The press releases said both projects would “soon be underway.” Each is to receive $360,000 from the $4.2 million the RDOS was allotted from federal gas tax revenues in 2011. Directors decided in January how they wished to divvy up the money, and approval was granted in June by the body that oversees the program in B.C.
Gas tax money is administered in this province by the Union of B.C. Municipalities and all spending decisions are vetted by a committee that also includes representatives from senior levels of government.
UBCM spokesman Paul Taylor said the committee approved the RDOS projects in June and had hoped to announce the projects at an event over the summer, but was unable to set a date agreeable by representatives from all three levels of government and the UBCM.
“It was just a scheduling thing, we weren’t able to do it,” Taylor said. “So we thought rather than kind of hang onto the information, let’s put it out in a news release.”
At Gallagher Lake, 350 residents and one prospective distillery owner are anxiously awaiting their new hook-ups.
“We were hoping (work) would start in October,” said Grant Stevely, one of the principals behind the Dubh Glas Distillery.
“We remain hopeful that it will start before the new year,” he said, but “we’re exploring options to move ahead without that sewer.”
At Vaseux Lake, the treated wastewater from the new plant, a few hundred metres away, is scheduled to be piped under the Okanagan River channel and then pumped into the wetlands north of the lake. Water is already pumped there to maintain the area as a wetland.

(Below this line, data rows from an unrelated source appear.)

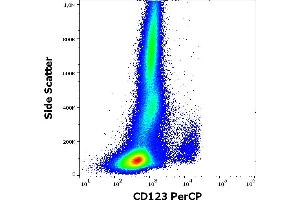 Flow cytometry surface staining pattern of human peripheral whole blood stained using anti-human CD123 (6H6) PerCP antibody (10 μL reagent / 100 μL of peripheral whole blood). (IL3RA 抗体  (PerCP))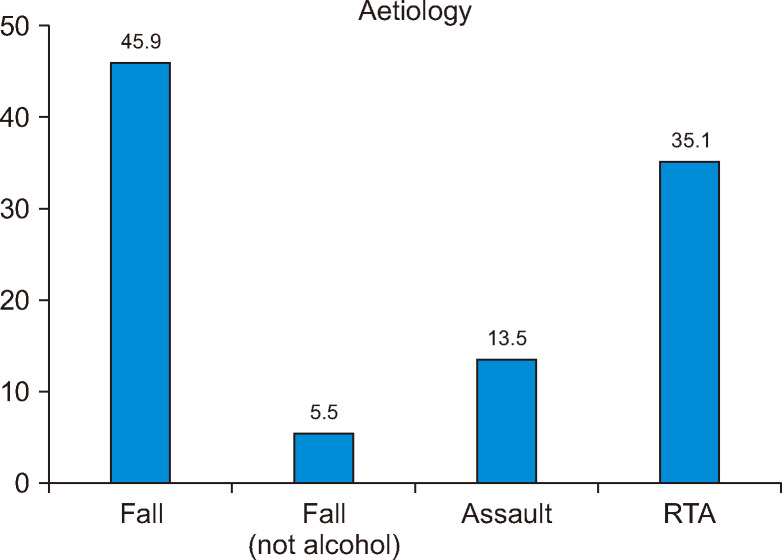 Single institutional experience of geriatric maxillofacial trauma patients: a retrospective study.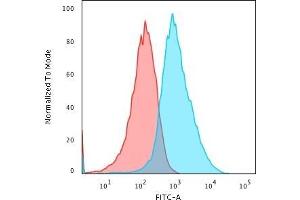 Flow Cytometric Analysis of PFA-fixed HepG2 cells using Glypican-3 Mouse Monoclonal Antibody (GPC3/863) followed by Goat anti- Mouse- IgG-CF488 (Blue); Isotype Control (Red). (Glypican 3 anticorps)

French said the new plant is expected to go online in early 2013.
“Construction’s coming along well, they’re just starting to get the equipment in there,” he said.
However, an engineer still has to draw up plans for the discharge line to the wetlands, and “there will be some design work in the wetlands as well to make sure this water’s used effectively,” he said.
Ducks Unlimited is a listed as a partner on the project.
Bruce Harrison, the group’s head of conservation and planning for B.C., said via email that “we had initial talks about this proposed concept” with the RODS, but “we haven’t heard anything about it in months.”